■ INSTRUCTIONS TO FOLLOW ■
One exact copy of the listing, minus the images, is the required answer.

■ RAW DATA ■
Segment Open
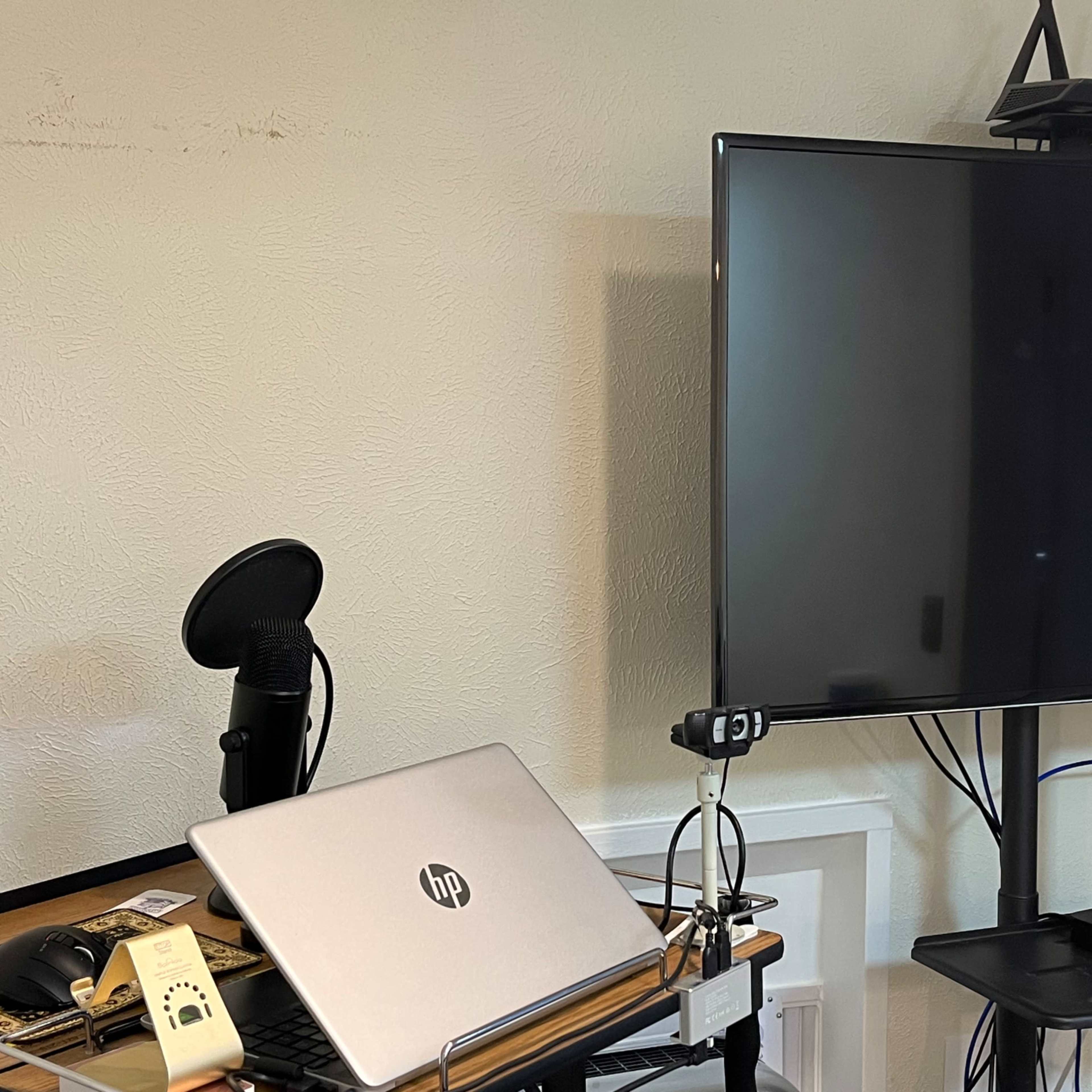 A silver HP laptop sits on a desk beside a microphone and a large wall-mounted television.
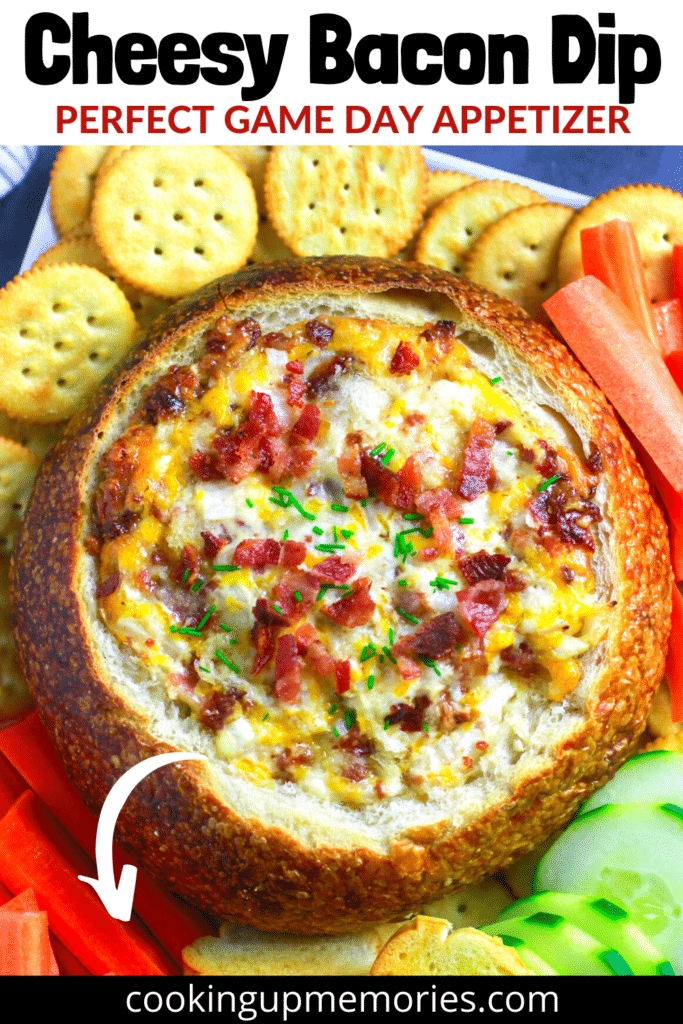 cheesy bacon dip in bread bowl served with crackers and vegetables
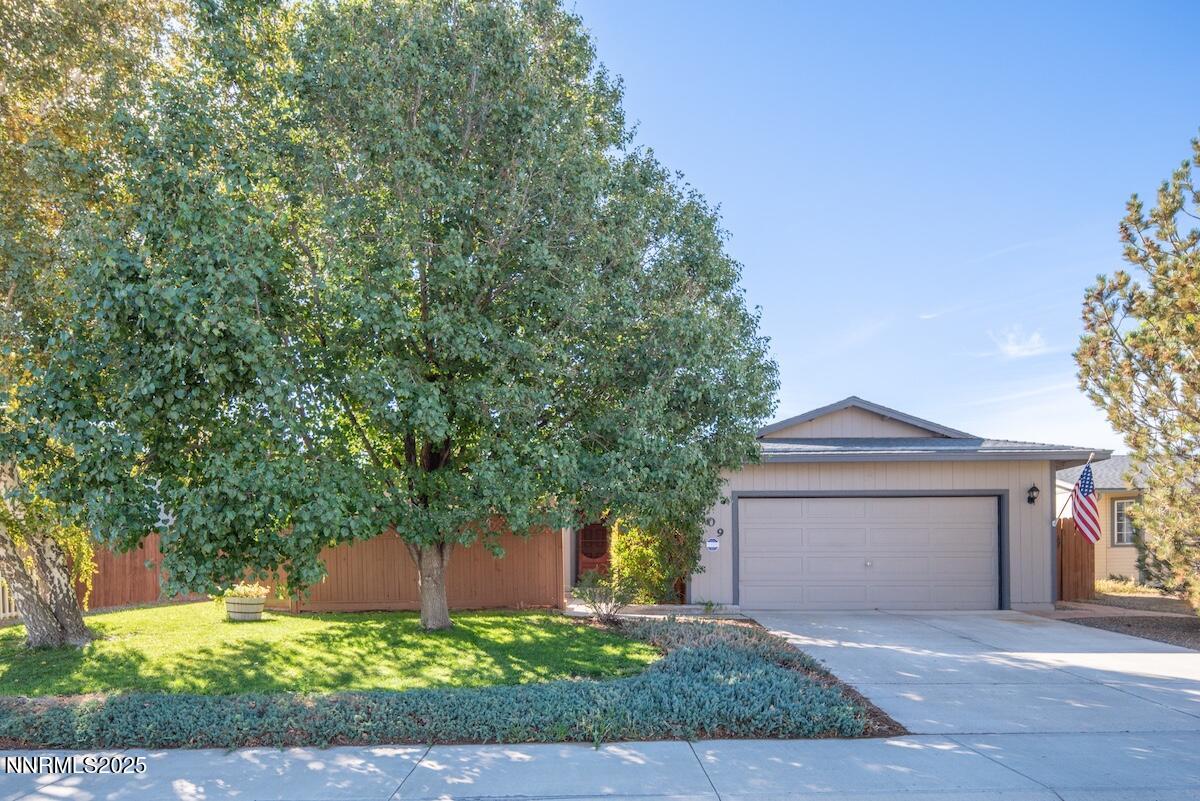a front view of a house with yard garage and outdoor seating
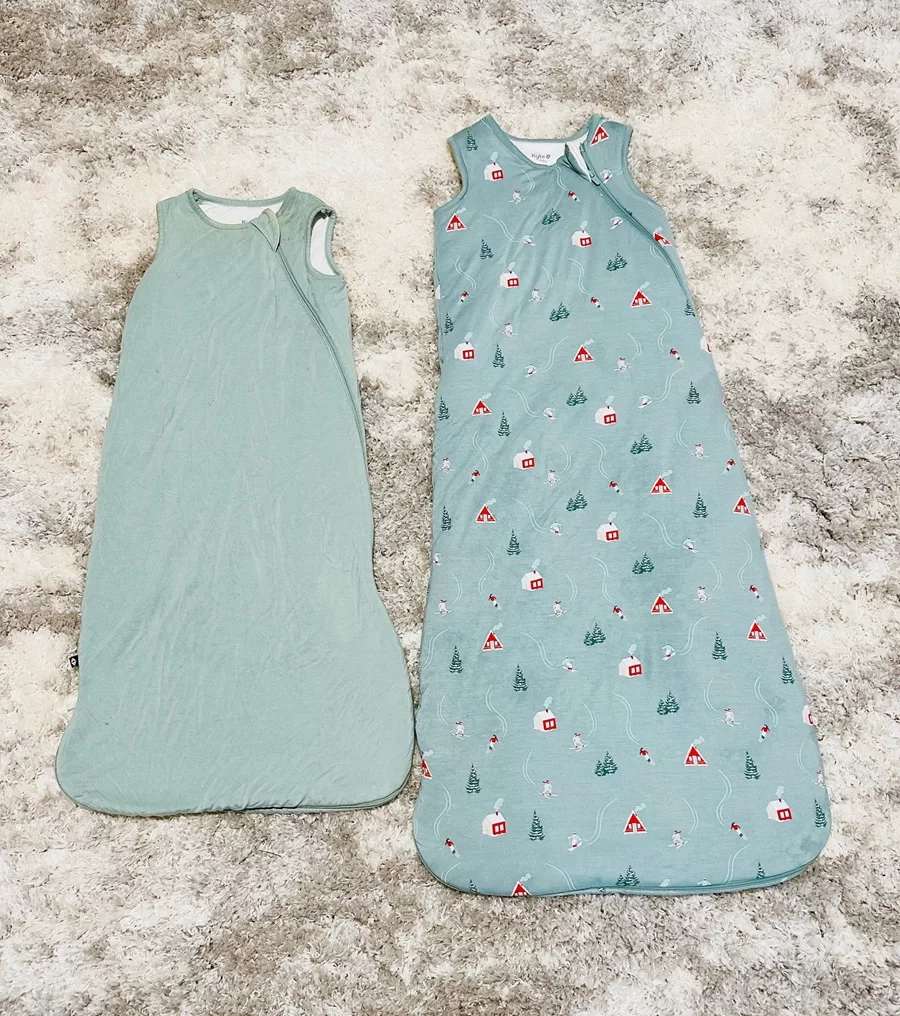 comparison of size small sleep sack next to size large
Segment Closed
■ OUTPUT FOR THIS TASK ■
 A silver HP laptop sits on a desk beside a microphone and a large wall-mounted television.
 cheesy bacon dip in bread bowl served with crackers and vegetables
a front view of a house with yard garage and outdoor seating
 comparison of size small sleep sack next to size large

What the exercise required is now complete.